Ragnar Locker ransomware operatives have claimed responsibility for last week’s cyber attack on TAP Air, Portugal’s flag airline.
The claim comes after TAP last week issued a terse announcement admitting it suffered a cyberattack. It followed up on Twitter, saying the incident was contained, with no evidence that the threat actors accessed customer data.
“TAP was the target of a cyber-attack, now blocked,” the airline tweeted. “Operational integrity is guaranteed. No facts have been found that allow us to conclude that there has been improper access to customer data. The website and app still have some instability. Thank you for your understanding.”
In a second follow-up, TAP said it “continues to adopt, with the support of an external international entity and in coordination with the authorities, all appropriate containment and remediation measures to protect the company and its customers.”
It also noted that “allegations are being made that an organised cybercrime group has stolen customer data.”
According to the Dark Web, those allegations are true.
On their name-and-shame site, Ragnar Locker operatives have now claimed responsibility for the attack, sharing images that appear to show compromised TAP customer information, including names, dates of birth, emails and addresses, as reported by Bleeping Computer.
The gang believes it is sitting on “hundreds of gigabytes” of data pilfered from TAP’s servers.
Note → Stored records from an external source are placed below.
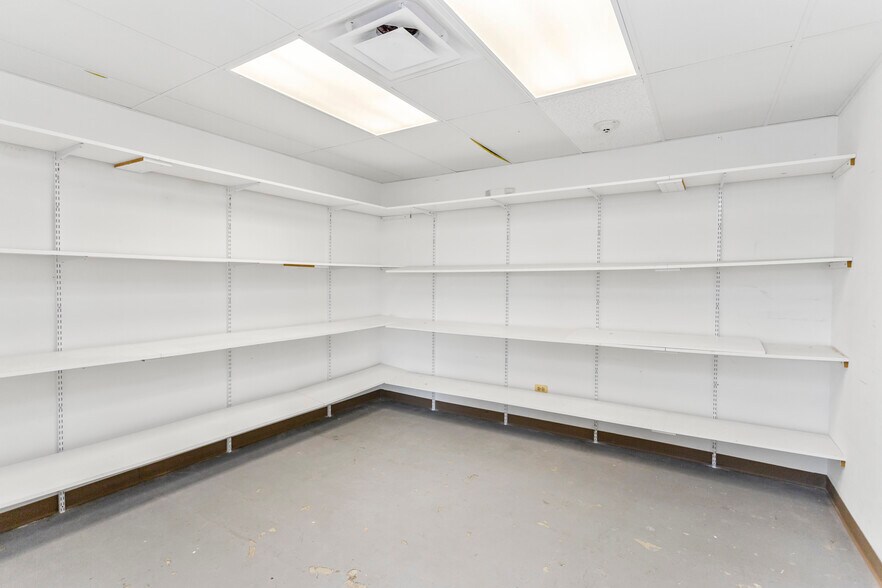 More Photos Of 2202-2230 W Algonquin Rd, Rolling Meadows General Retail For Sale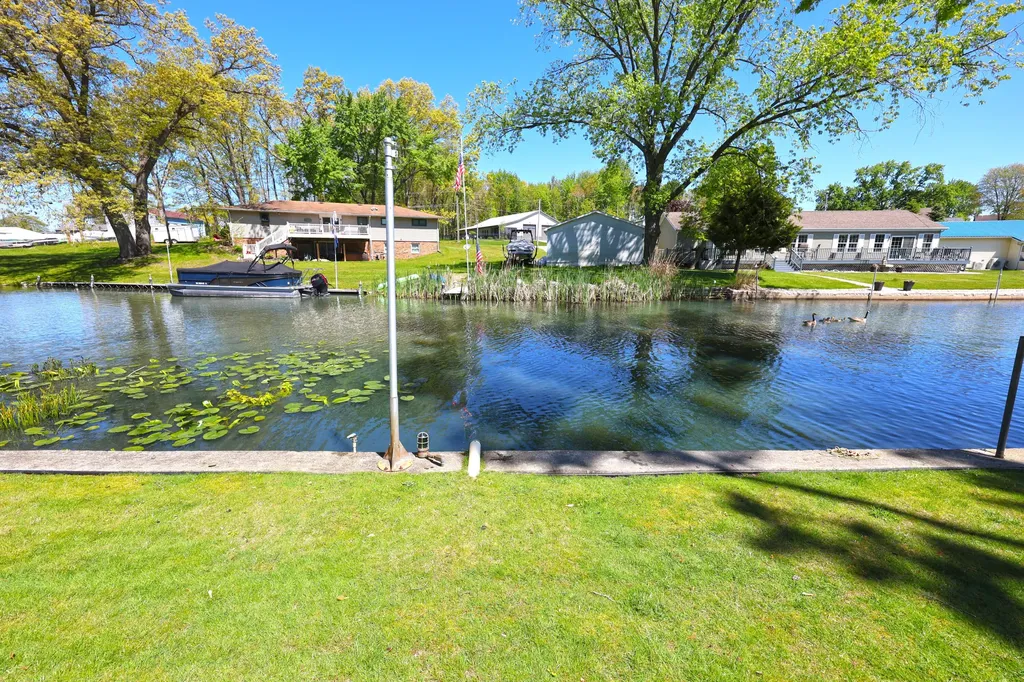 31886 W Lakeshore Drive Silver Creek Township MI 49047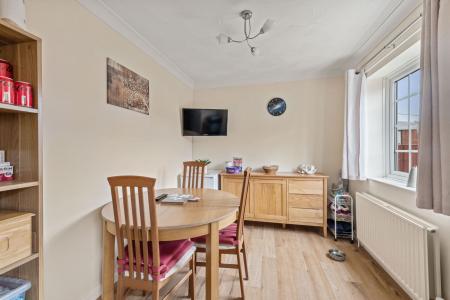 2 bedroom End of terrace house for sale in Castleton Boulevard, Skegness, PE25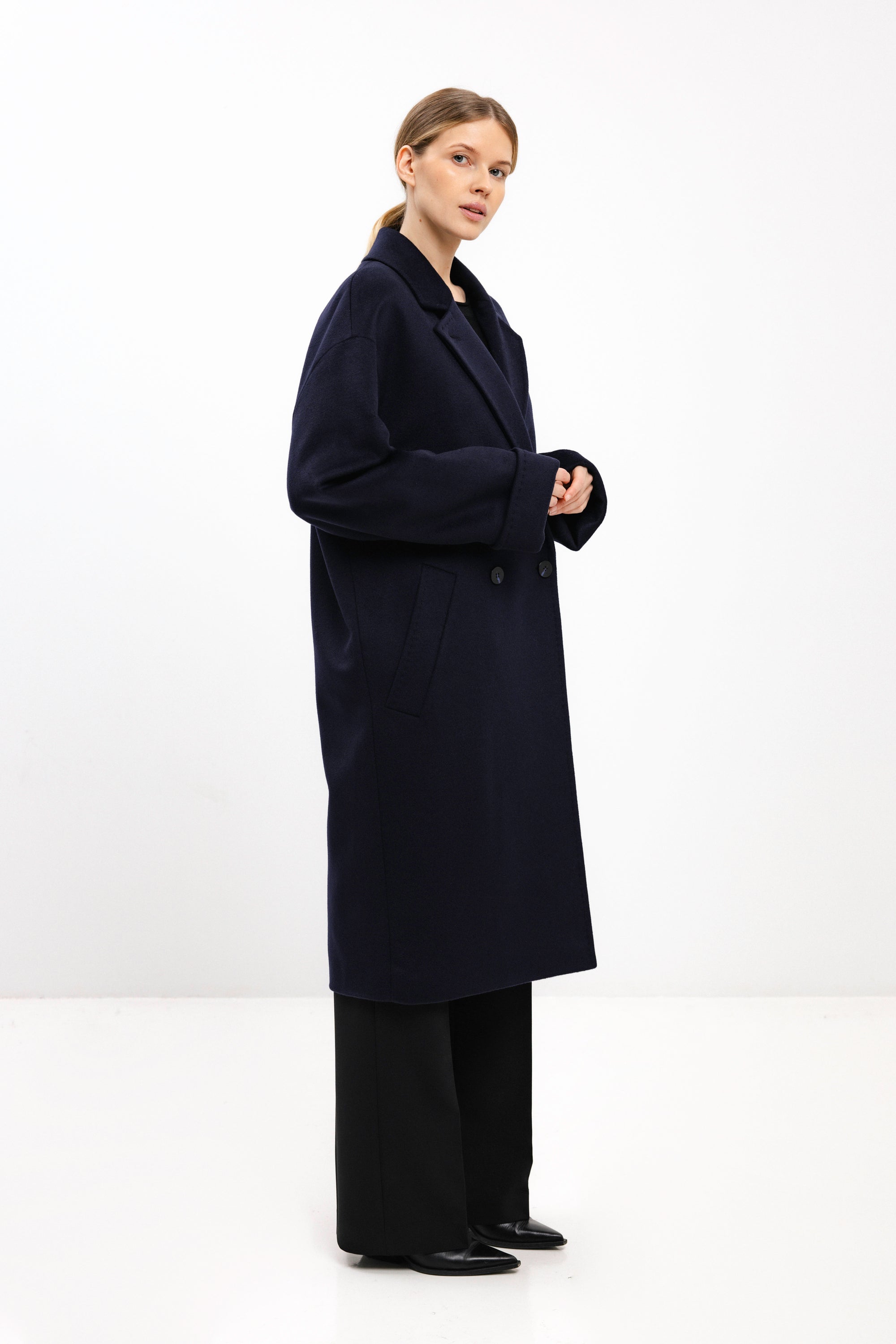 OVERSIZED DOUBLE-BREASTED WOOL COAT IN NAVY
It is unclear what the ransom demands are, or whether TAP plans to cooperate with their aggressors to keep them from publishing or selling the data.
Last month, in a nearly identical scenario, the Ragnar Locker crew hacked DESFA, one of Greece’s major natural gas operators, “with a confirmed impact on the availability of some systems and possible leakage of a number of directories and files,” according to the company.